Regarding the problem associated with the small wire angle θ, by setting the wire angle θ to 10 ° or more, disconnection due to flashover at the time of lightning can be prevented, and the wire and the insulator can be prevented. It was possible to avoid contact.

[Brief description of drawings]

FIG. 1 is an overall side view of an electric wire retaining structure in which an electric wire is retained on a utility pole arm by a wedge-type retaining clamp according to an embodiment of the present invention.

FIG. 2 is an enlarged view of the right half of FIG.

FIG. 3 is an enlarged view of the vicinity of the wedge-shaped strain clamp of FIG.

4 is a cross-sectional view taken along the line AA of FIG.

FIG. 5 is a side view showing a wedge-shaped towing clamp of a conventional wedge-side coupling system.

FIG. 6 is a side view showing a conventional wedge-shaped tow clamp of the clamp body side connection type.

7 is an overall side view of an electric wire retaining structure in which an electric wire is retained on a utility pole arm by the wedge type retaining clamp of FIG.

[Explanation of symbols]

1 wedge type detention clamp 2 electric wires 3 Arms (of support) 5 Support insulator 7, 8 insulator 8a Insulator metal part (insulator cap) 10 Retaining bracket 11 wedges 11a Wire receiving groove 12 Clamp body 12b Wire receiving groove a Wire insertion direction b Wire retention direction

Claims (3)

[Claims] 1. A wedge-shaped retention clamp comprising a wedge connected to a support through an insulator, and a clamp body that is fitted to the wedge from the insulator side and holds an electric wire between the wedge and the wedge.
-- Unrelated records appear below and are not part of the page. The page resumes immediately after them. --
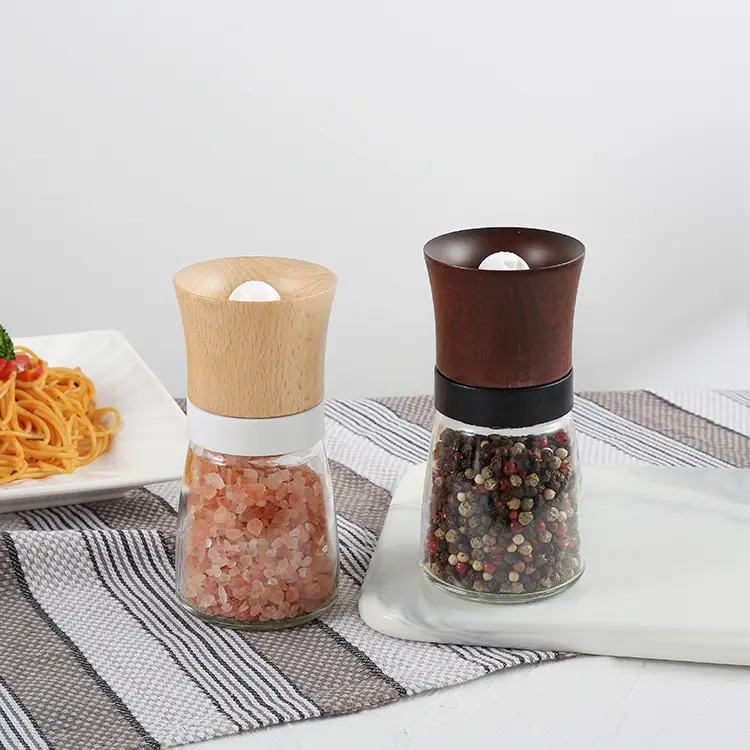 Compact Manual Wooden Grinder Design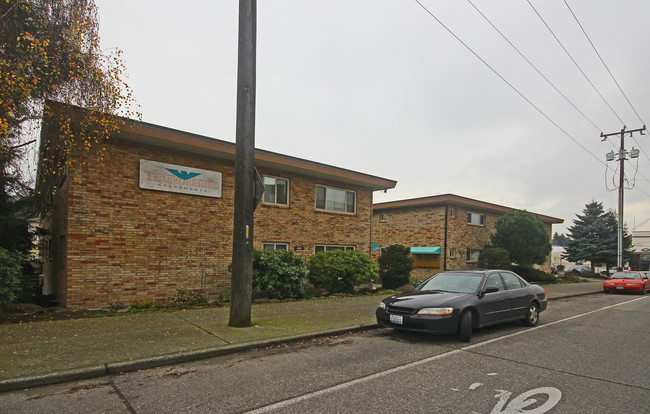 Thunderbird Apartments in Seattle, WA - Building Photo - Building Photo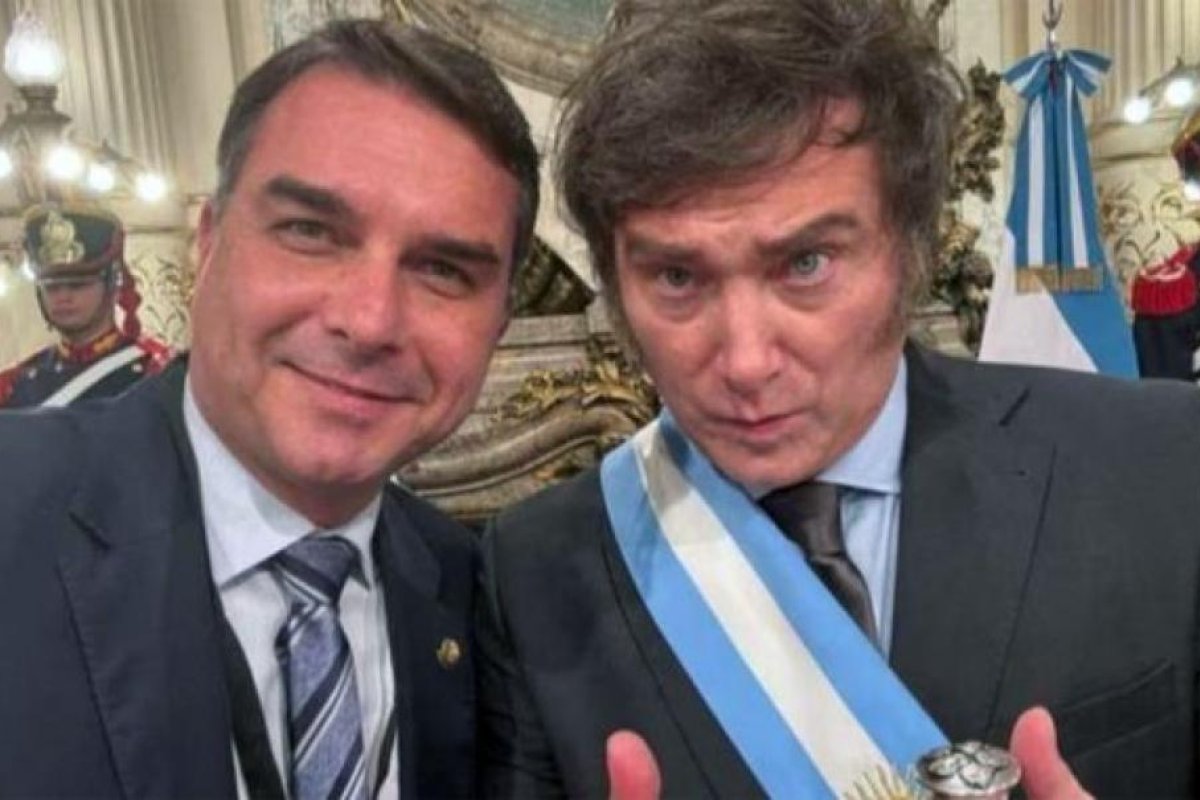 Flávio Bolsonaro Agradece a Javier Milei tras Éxito Electoral en Brasil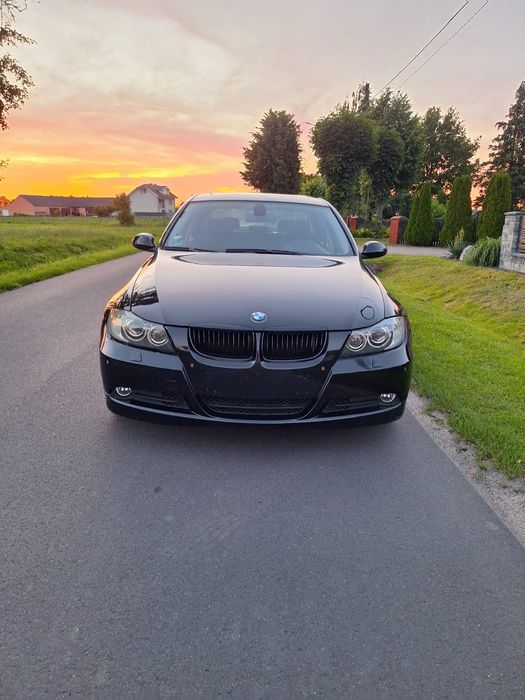 BMW E90 320i  xenon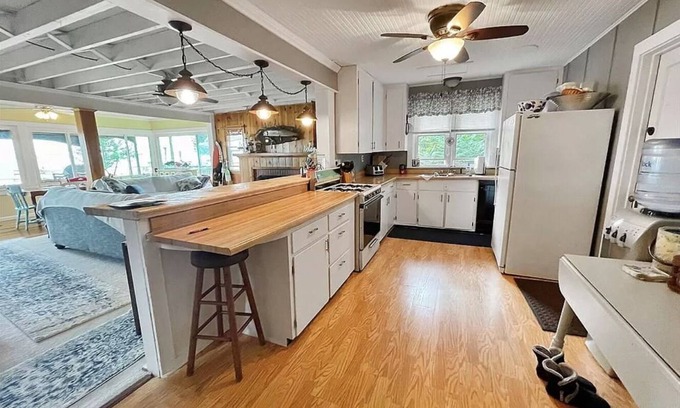 Niets Crest Cottage | Chautauqua Lakefront Getaway with private dock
A wedge-shaped detention clamp, wherein the wire insertion direction a of the wedge-shaped detention clamp has an angle θ with respect to the wire retention direction b. 2. The wire insertion direction a and the wire retaining direction b
2. The wedge-shaped detention clamp according to claim 1, wherein an electric wire angle θ formed by and is set in a range of 10 ° to 40 °. 3. An electric wire retaining structure for retaining an electric wire on a support by using the wedge-shaped detention clamp according to claim 1, wherein an electric wire angle formed by an electric wire insertion direction a and an electric wire retention direction b of the wedge-shaped detention clamp. An electric wire holding structure in which θ is set within a range of 10 ° to 40 °.